__TASK INSTRUCTIONS__
An exact copy is needed of the lines from the one that contains "Tim Leandro |" through the final line of the data below, with pictures left out.

__DATA EXTRACT__

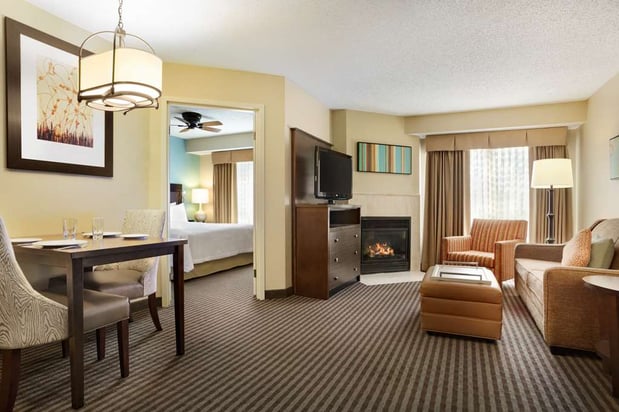 Images Homewood Suites by Hilton Houston-Willowbrook Mall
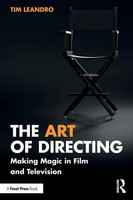 Tim Leandro | The Art Of Directing | Taschenbuch | Englisch (2025) | Routledge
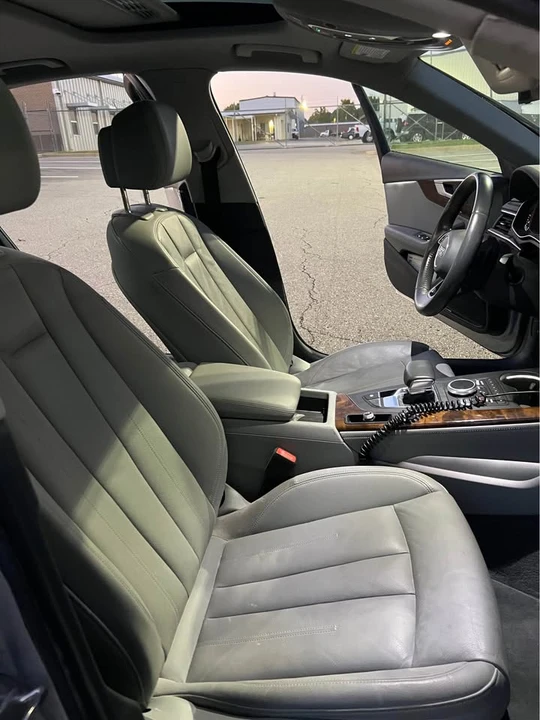 2019 Audi B9 A4 - Image 11 of 20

__RESULT OF THIS EXERCISE__
 Tim Leandro | The Art Of Directing | Taschenbuch | Englisch (2025) | Routledge
 2019 Audi B9 A4 - Image 11 of 20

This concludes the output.